OPINIÃO: Revoluções fofinhas

Numa era de polarização e agressividade à solta nas redes sociais, tem vindo a crescer uma vaga que defende ser legítimo o uso da força e a infração de disposições legais quando estão em causa discriminações graves ou um alegado bem maior que justifica eventuais excessos de ação.
O argumento começou por ser usado em relação à discriminação racial, mais recentemente foi aplicado na defesa dos jovens que promovem ocupações em nome da defesa ambiental ou, por estes dias, em relação ao incidente "transfake" e a forma como essa ação humilhou um ator em palco.
São essencialmente dois os argumentos utilizados em defesa de ações mais musculadas. Um é o de que a violência que certas franjas da sociedade sofrem não é comparável com as perturbações que na sua luta possam causar (no incidente do Teatro São Luiz, considera-se até ofensivo que o ator afastado do palco, André Patrício, se sinta violentado, dada a desproporcionalidade entre o que sentiu e a violência vivida diariamente por alguém trans).
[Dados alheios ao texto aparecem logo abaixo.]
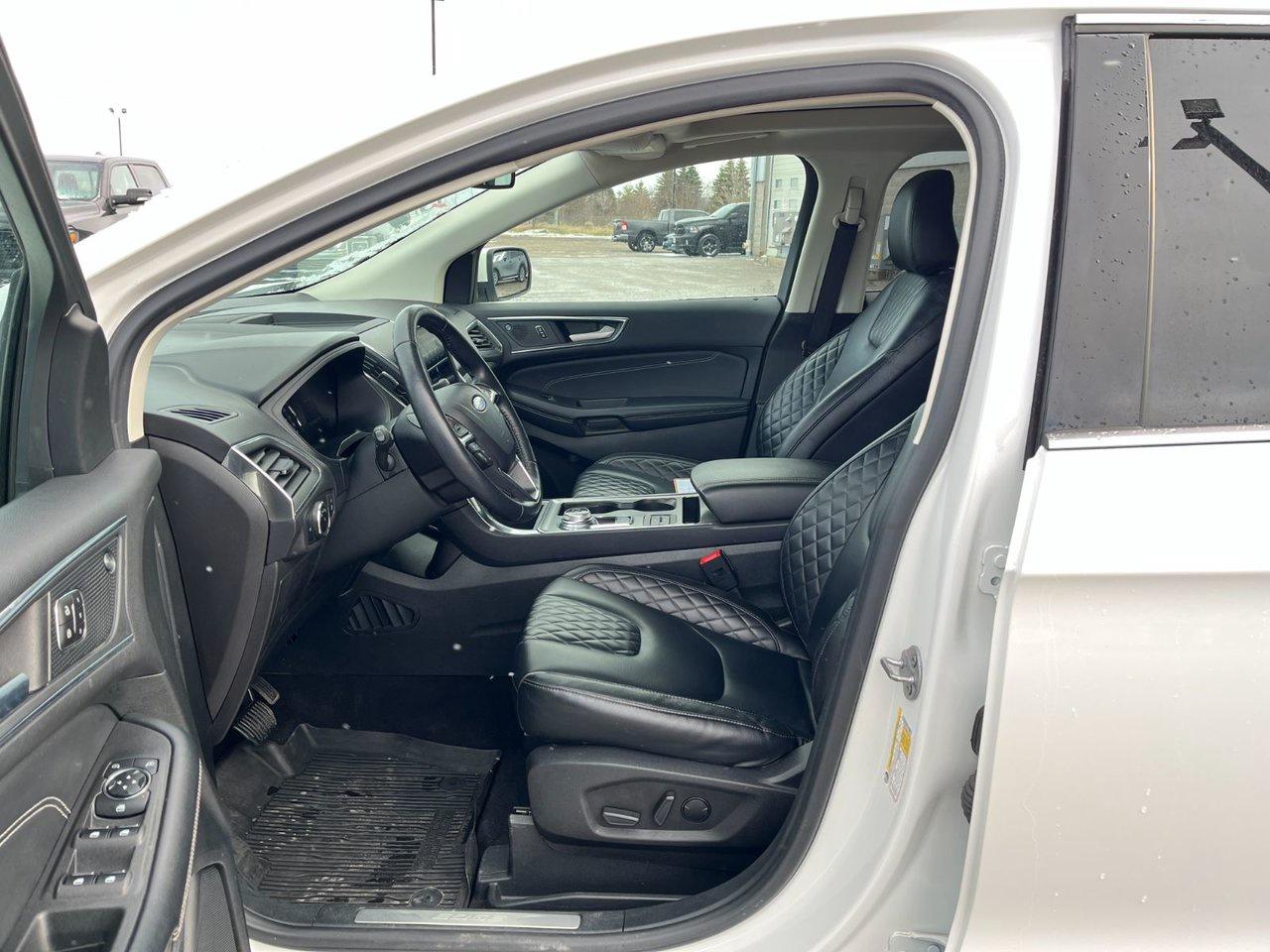 2023 Ford Edge Titanium AWD Photo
Um segundo argumento é de que não há revoluções mansas ou fofinhas, sendo por vezes o uso da força necessário para provocar a mudança.
Apesar da complexidade de casos concretos, que dão só por si pano para mangas na reflexão, inquieta-me que se considere legítima a violência em certas lutas. Quais são as causas boas e quem as define? Se entendemos que há fins que justificam pisar leis e valores pelos quais tantos batalharam, precisamente para que houvesse um espaço de liberdade dentro do qual se reivindicassem direitos, quais os riscos para a nossa coesão social e democrática? E qual o papel do outro, quando entendemos que a empatia se aplica a quem sofre, mas não a quem é atropelado durante as ações pela mudança?
Admito que muitas revoluções que nos fundaram civilizacionalmente exigiram violência. Mas não faltam exemplos de intervenção, sobretudo no palco e noutras manifestações culturais, que provocaram agitação e mudança de forma totalmente pacífica. Mexendo em consciências, criando conhecimento, construindo perspetivas novas, abrindo janelas onde havia muros. A lógica divisionista e cheia de fraturas não me parece a melhor para atingir objetivos que deveriam eliminar barreiras em vez de colocar uns contra outros. E não se diga que apoiar uma causa pressupõe aceitar todas as suas formas de luta, porque não há caminhos únicos para atingir o mesmo fim. Questionar o ódio parece-me, aliás, cada vez mais revolucionário.